HSA, AVC, thrombose veineuse cérébrale, SVCR, méningo-encéphalite, tumeur.

29

Orientation devant
Perte de connaissance lors d’une céphalée brutale

hémorragie sous-arachnoïdienne (environ 50 % des cas), tumeur intraventriculaire (kyste colloïde du 3e ventricule).

30

Orientation devant
Raideur méningée

HSA, méningite

31

Orientation devant
Syndrome de Claude Bernard-Horner, acouphène pulsatile, paralysie linguale (XII)

dissection de l’artère carotide interne homolatérale.

32

Orientation devant
Mydriase unilatérale ± autres signes de paralysie du nerf III

anévrisme intracrânien comprimant le III.

33

Orientation devant
Diplopie, paralysie d’un ou des deux VI

hypertension intracrânienne, hypotension intracrânienne.

34

Orientation devant
Hémianopsie bitemporale

apoplexie pituitaire.

35

Orientation devant
Cécité monoculaire transitoire

dissection carotidienne (sujet jeune), artérite temporale (sujet âgé).

36

Orientation devant
Aggravation en position allongée

HSA, hypertension intracrânienne, sinusite bloquée.

37

Orientation devant
Aggravation en position debout

hypotension intracrânienne.

38

Orientation devant
Aggravation par les efforts à glotte fermée

hypertension intracrânienne, hypotension intracrânienne.

39

Orientation devant
Anomalies ECG

HSA, ischémie myocardique et douleur projetée

40

Orientation devant
Hypertension artérielle

HSA, éclampsie, SVCR, encéphalopathie hypertensive.

41

Orientation devant
Survenue brutale à l’effort ou orgasmique

hémorragie sous-arachnoïdienne, SVCR.

42

Orientation devant
Survenue brutale lors des manœuvres de Valsalva

SVCR, hypertension intracrânienne aiguë.

43

Orientation devant
Survenue brutale lors de mictions, du bain ou d’une douche

SVCR.

44

règles d'or céphalées

Toute céphalée brutale doit faire suspecter une cause vasculaire et en premier lieu une hémorragie sous-arachnoïdienne.
Toute céphalée progressive doit être gérée comme une hypertension intracrânienne.
Toute céphalée fébrile doit être gérée comme une méningite.

45

CAT devant un sd méningé

=>Si fièvre : suspicion de méningite infectieuse, ponction lombaire urgente (sauf contre-indication)

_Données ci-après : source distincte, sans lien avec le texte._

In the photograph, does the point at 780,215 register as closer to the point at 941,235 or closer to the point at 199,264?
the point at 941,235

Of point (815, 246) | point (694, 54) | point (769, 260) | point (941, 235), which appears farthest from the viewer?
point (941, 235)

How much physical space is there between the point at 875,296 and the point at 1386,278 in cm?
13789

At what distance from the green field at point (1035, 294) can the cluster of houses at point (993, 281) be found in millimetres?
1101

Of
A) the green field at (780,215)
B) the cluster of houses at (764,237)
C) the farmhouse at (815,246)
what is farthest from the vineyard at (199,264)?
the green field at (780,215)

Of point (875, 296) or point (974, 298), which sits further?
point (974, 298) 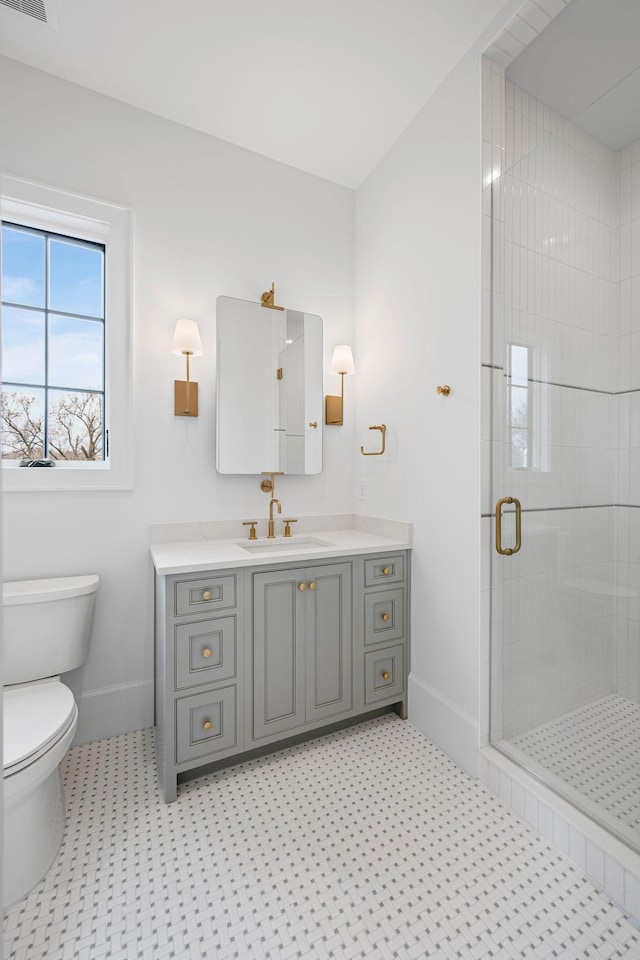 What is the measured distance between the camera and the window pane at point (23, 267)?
206 cm

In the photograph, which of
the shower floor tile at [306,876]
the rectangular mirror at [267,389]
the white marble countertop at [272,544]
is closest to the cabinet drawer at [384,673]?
the shower floor tile at [306,876]

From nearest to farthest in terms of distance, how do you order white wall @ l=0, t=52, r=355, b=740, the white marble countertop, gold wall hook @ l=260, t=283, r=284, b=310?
the white marble countertop, white wall @ l=0, t=52, r=355, b=740, gold wall hook @ l=260, t=283, r=284, b=310

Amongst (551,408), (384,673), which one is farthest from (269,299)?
(384,673)

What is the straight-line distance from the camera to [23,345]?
6.76 ft

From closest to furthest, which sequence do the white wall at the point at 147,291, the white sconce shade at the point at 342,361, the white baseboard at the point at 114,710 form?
the white wall at the point at 147,291
the white baseboard at the point at 114,710
the white sconce shade at the point at 342,361

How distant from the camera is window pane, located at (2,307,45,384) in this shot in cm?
204

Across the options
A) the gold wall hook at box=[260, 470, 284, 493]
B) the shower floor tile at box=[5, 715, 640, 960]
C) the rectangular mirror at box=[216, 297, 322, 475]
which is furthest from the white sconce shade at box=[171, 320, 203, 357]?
the shower floor tile at box=[5, 715, 640, 960]

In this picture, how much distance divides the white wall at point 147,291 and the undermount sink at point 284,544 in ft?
0.63

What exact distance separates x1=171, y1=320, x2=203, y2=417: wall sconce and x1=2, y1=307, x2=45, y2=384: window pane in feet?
1.82

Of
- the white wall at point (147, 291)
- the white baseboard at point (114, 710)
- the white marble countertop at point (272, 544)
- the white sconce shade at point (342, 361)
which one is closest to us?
the white marble countertop at point (272, 544)

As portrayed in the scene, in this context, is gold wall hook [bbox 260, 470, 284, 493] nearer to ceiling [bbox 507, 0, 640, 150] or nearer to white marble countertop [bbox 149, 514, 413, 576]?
white marble countertop [bbox 149, 514, 413, 576]

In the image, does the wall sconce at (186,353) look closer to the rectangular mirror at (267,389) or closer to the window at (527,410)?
the rectangular mirror at (267,389)

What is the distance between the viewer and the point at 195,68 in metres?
1.96

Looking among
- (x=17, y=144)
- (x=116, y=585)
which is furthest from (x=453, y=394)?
(x=17, y=144)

=>Si la température est normale et la céphalée a eu un début brutal, le diagnostic supposé est celui d’HSA et le scanner cérébral doit être immédiat

46

Un scanner sans injection normal élimine t il une cause lésionnelle ?

NON
5 à 10 % des hémorragies sous-arachnoïdiennes,
30 % des thromboses veineuses cérébrales,
la quasi-totalité des dissections des artères cervicales au stade de signes locaux,
et la quasi-totalité des méningites ont un scanner normal.